Trying to get a baby or a fussy toddler to sit still for a photograph can feel like a herculean task. Luckily, it only takes a second to get the shot. In the nineteenth century, however, it was a different story—particularly when it came to tintype portraits, which required a long exposure. 

Photographer Laura Larson’s series, Hidden Mother, presents a survey of nineteenth-century tintype portraits in which the mother of the child was included in the photograph, but obscured. In some instances, the mother would hold her child, with a cloth or props hiding her from the lens. Or, she would be painted over by the photographer after the image had been taken. In other examples, the mother is entirely absent from the frame, save for an arm, holding the child in place. The results are both funny and slightly disturbing. “The mother appears as an uncanny presence,” Larson writes in a statement. “Often, she is swathed in fabric, like a ghost.”  

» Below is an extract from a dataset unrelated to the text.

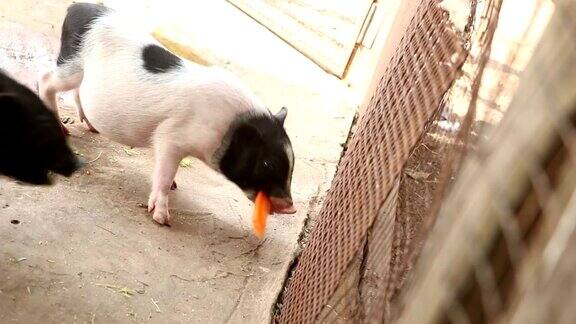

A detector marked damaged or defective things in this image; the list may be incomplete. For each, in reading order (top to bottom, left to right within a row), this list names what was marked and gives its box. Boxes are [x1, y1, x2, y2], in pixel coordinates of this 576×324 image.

rusty metal mesh [274, 0, 468, 322]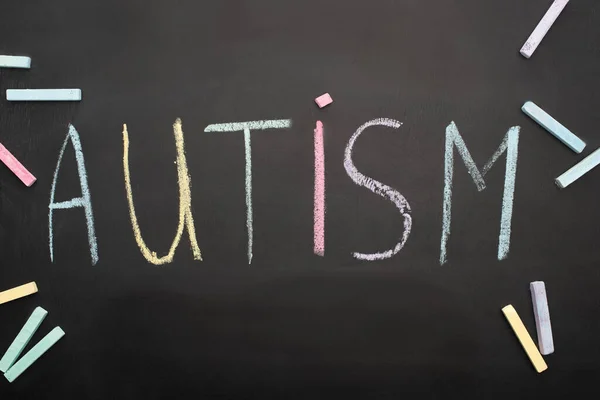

Larson first learned about “hidden mother” portraits through a collector friend, and began collecting them several years ago, at a time when she was waiting to adopt a little girl, amassing about 35 works. “The hidden mother speaks to the fragile balance a mother must maintain in raising a child—cultivating both attachment and autonomy,” she wrote. 

Photos Courtesy of Lee Marks and John C. DePrez, Jr. 

Larson’s work is represented by Lennon, Weinberg Gallery in New York City, where her retrospective, Laura Larson: Photographs 1996-2012, is currently on view through September 13, 2014. Her Hidden Mother series will be featured at the Palmer Museum of Art in Spring 2015, and Allen Memorial Art Museum in Fall 2015.